Marjorie’s mother called in the Bishop of London to try to stop the marriage and took her on a sea voyage round the world on a luxury liner to cure her of her infatuation.  It was all in vain.  Although, as my brother observed at the time, if Marjorie’s mother had not skimped on this voyage and had taken her on a P. & O. instead of a Japanese boat, she might have met a man who would have made her forget poor Ern.

                Marjorie had 500 pounds a year of her own – a not inconsiderable income in those days.  She could afford to play at the simple life in a comfortably appointed cottage in Sidmouth after she married Ern.  He, unfortunately, had all the “petty bourgeois” prejudices of the respectable British working class and this ruined their marriage.  Marjorie had fallen in love not so much with him as with his way of life.  But as soon as they were man and wife, he stopped her going out fishing with him at night, insisted on her wearing a hat and stop wearing shorts or slacks, and in general made her life so dull that she yearned to return to London.

                Eventually they divorced with Ern keeping the house and being paid quite a bit of “alimony.”  Marjorie later married my college friend, Robert Ryan, a clever, sensitive and poetical Irishman in delicate health.  This proved to be a most happy marriage, but he dies soon after.

                I owe much to Prior’s Field.  Not only did my experience there temper and steel me to resist and defy the powers which at all times and places in all societies endeavor to enforce conformity by one means or another.  The teaching was also excellent.  The trouble was that neither the headmistress nor the staff, with the exception of the  games mistress, had much influence outside the classroom.
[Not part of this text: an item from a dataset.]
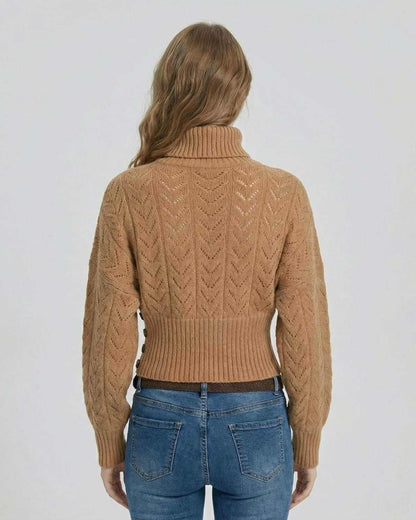Back view of the Sienna Sweater, a slim fit turtleneck knit sweater featuring a textured pattern in a chic, modern style.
                History, which was my favorite subject, was particularly well taught.   At Prior’s Field in my early teens I learned more history, ancient, medieval and modern, than most American college students.   We were also given some understanding of political realities and the facts of power, so conspicuous by their absence in liberal academic circles today.  For instance, it was impressed on me that Magna Carta which in later centuries came to be the Great Charter of English freedom, was nothing of the sort in 1215, at Runnymede.  It marked instead, as I learnt at Prior’s Field, the success of the feudal aristocracy in wresting back from a cruel and foolish kind its own special privileges – then called “liberties” – curtailed by Norman kings seeking to establish a strong central government ensuring law and order and the protection of the weak against the strong.  It was not until many centuries later that Manga Carta was transformed into a charter of liberties for all Englishmen.  (In parentheses, I must here remark that a minor lesson impressed on me at Prior’s Field is nover to mix Latin and English by calling the Great Charter Magna Charta – a mistake so general that typists or typographers almost always get it wrong.)    
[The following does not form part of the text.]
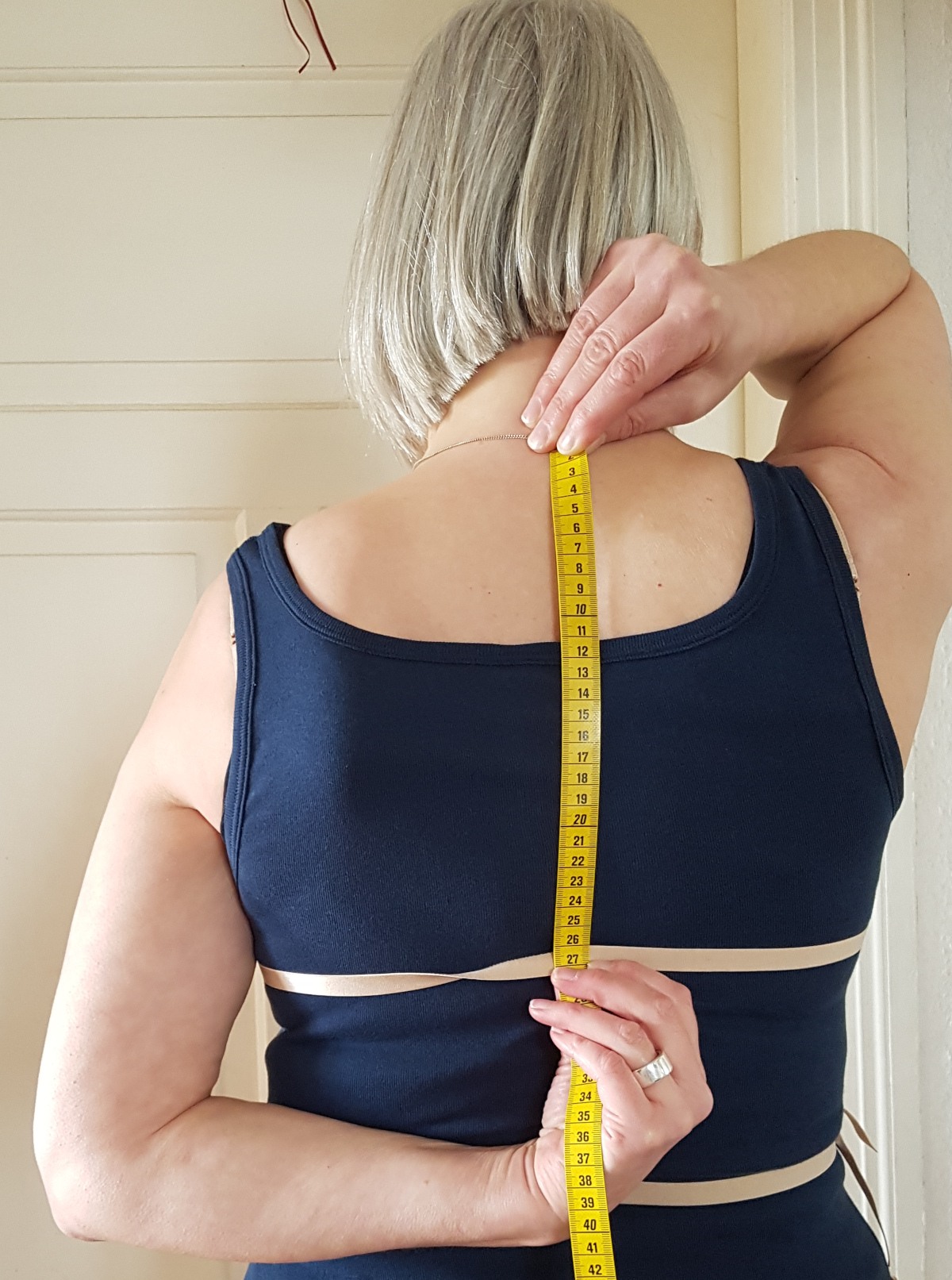 Rückenhöhe messen Sabine von hinten. Sie hält das Maßband mit der rechten Hand an den Halsansatz und markiert mit der linken Hand die Höhe der Brustlinie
                History as taught in most American schools and colleges only briefly scans, or passes over as dark ages of little or no interest to the modern world, the millenium between the fall of the Roman Empire and the Rennaissance and Reformation.  This general ignorance of medieval history seems to me the main reason why Americans in general, despite their good will and desire to help, fail to appreciate the problems of government in “underdeveloped” or backward countries.  “Democracy” in such countries almost inevitably entails giving a free hand to the rich and powerful, just as in Thirteenth Century England, Magna Carta meant restoring to the Barons their “liberty” to oppress their vassals and serfs without fear of the Crown oppressing them or bringing them to justice.
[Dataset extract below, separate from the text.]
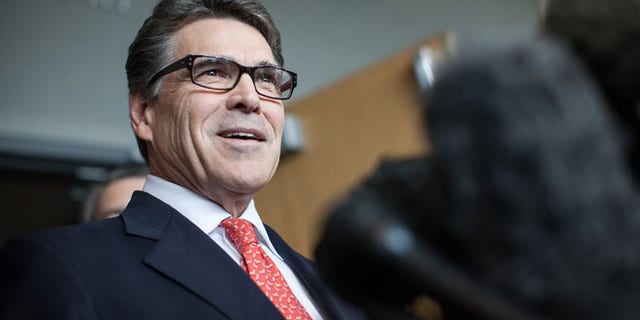 Nov. 6, 2014: Texas Gov. Rick Perry answers questions from the media following a hearing on felony abuse of power charges at the Blackwell-Thurman Criminal Justice Center in Austin, Texas.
                Many years after, lessons I learned at Prior’s Field, and subsequently at London University, enabled me to realize that China in the aftermath of the war against Japan was at about the same stage of political development as England and France in the Middle Ages, when the great need was for a strong government to enforce law and order and defend the country against its external enemies.

                It seemed to me absurd and self-defeating for America to demand “democratic” government in China, when the real need was for an effective administration able to curb the centrifugal forces and enforce reforms.  As I wrote in my book, Last Chance in China:*

                     To call the Kuomintang Government “Facist” is the very reverse of the

                     truth.  Its powers are not limitless but far too limited.  In war it lacks

                     entirely the simian efficiency of the Nazi, Japanese and Soviet States.

                     It interferes with the individual too little, not too much.  Its sins of

                     omission are far greater than its sins of commission.  Its gravest fault

                     is the ineffectiveness of its administration, and its failure to force

                     through necessary reforms.  It is too soft, not too hard.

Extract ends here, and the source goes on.